Roadless Areas Can Be Designated Wilderness

SAN FRANCISCO (CN) - Two roadless areas in the Forest Service's salvage logging operation on thousands of burned acres in southeastern Washington can be designated wilderness areas, the 9th Circuit ruled.

A 2005 forest fire took out 28,000 acres of the Umatilla National Forest, prompting the Forest Service Chief to issue an emergency determination the following summer to initiate immediate logging on 9,000 acres or lose $1.5 million in government revenue, to which The Lands Council, Oregon Wild, Hells Canyon Preservation Council and Sierra Club objected.

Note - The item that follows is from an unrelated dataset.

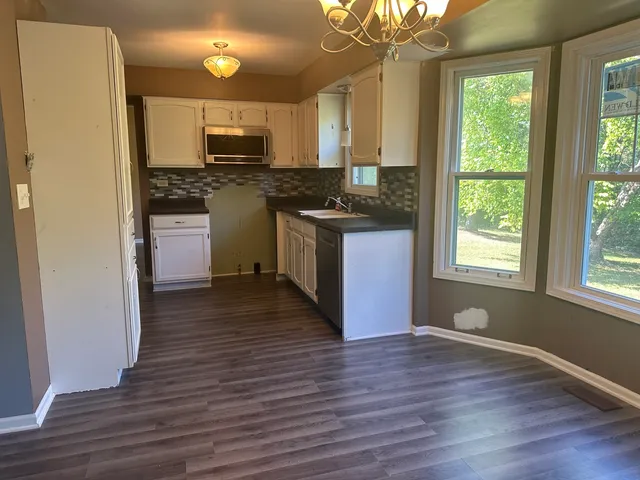 a kitchen with granite countertop wooden floors a sink stainless steel appliances and window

After environmental groups challenged the government's practice of harvesting "live trees," the forest supervisor clarified the term in a site-specific amendment stating that dying trees were not live trees according to field mortality guidelines. The groups then attacked the amendment as an inexplicable policy change.

The appeals court ruled that the government offered a clear explanation for the amendment, which is not considered significant because it does not apply to trees affected by prescribed burning, flooding, disease or insect infestation.

The 9th Circuit determined that the two disputed roadless areas - West Tucannon and Upper Cummins Creek - can potentially be designated as wilderness areas. Though each area is uninventoried by the government and is less than 5,000 acres, they still qualify for consideration, especially because the areas border a larger inventoried area, making a roadless expanse. The agency's current analysis on the area's "roadless character" has legal errors and fails to mention the expanse, though its soil analysis is adequate, the court ruled.

The three-judge panel reversed the finding that the Forest Service's discussion of logging effects in roadless areas complied with the National Environmental Policy Act.